A student learning outcome is:
Student learning outcomes are statements that specify what students will know, be able to do, or value when they complete a program. Each student learning outcome is directly drawn from the programs learning goals.
A student learning outcome consists of three elements:
- An opening phrase to indicate who will demonstrate the learning.
- Typical opening phrases include “students will” or “graduates of the program will.” These phrases can also be customized to your program, e.g., “Chemistry majors will” or “Graduates of the Management Program will.”
- An action word that clearly describes the behavior to be observed.
- The action word indicates whether the student is expected to know, do, or value something. For example, “list” or “recite” are action words that indicate knowledge.
- A learning statement that specifies the learning that will be demonstrated.
- This statement indicates what the student should know, be able to do, or value. For example, knowledge of specific facts or valuing of diverse perspectives.
A well-written student learning outcome should:
- Be jargon-free and use clear language. Your outcomes will be read by a number of audiences, including current students, incoming students, prospective students, parents, and potential employers of your graduates. Write your outcomes in language that will allow your audience to understand what students in your program learn.
- Contain only one learning statement. Assessment will be more effective and manageable if each student learning outcome focuses on one element of learning.
- Be appropriate, realistic, and attainable. Students should realistically be able to achieve the learning outcome by completing your program. In addition, the type of learning expressed in the outcome should be appropriate to the student’s level (i.e., undergraduate major, undergraduate minor, graduate student).
A student learning outcome is NOT:
Just as it is important to understand what a student learning outcome consists of, it is also important to be able to recognize the elements that should not be included in a learning outcome.

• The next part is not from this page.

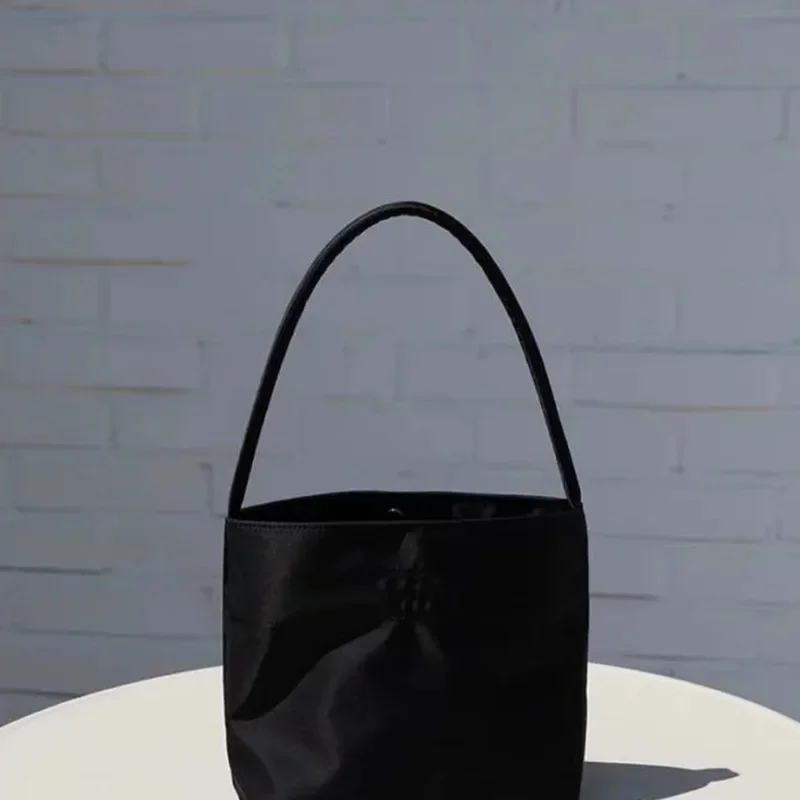 Korean mucu and ebony fashionable embroidered high elastic waterproof nylon versatile casual underarm shoulder bag for women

Each of the items listed below are important considerations in designing a program and planning your pedagogy, but they are not learning outcomes because they do not specify what the student will know, be able to do, or value by the time they complete the program.
A student learning outcome does NOT include:
- What you will offer the student
- The process a student will go through to learn
- Student satisfaction with the program
Examples of statements that are NOT student learning outcomes:
- Students will be given the opportunity to work as a team.
- The program prepares students for graduate study.
- Students will participate in an internship.
- Graduates will be satisfied with their coursework.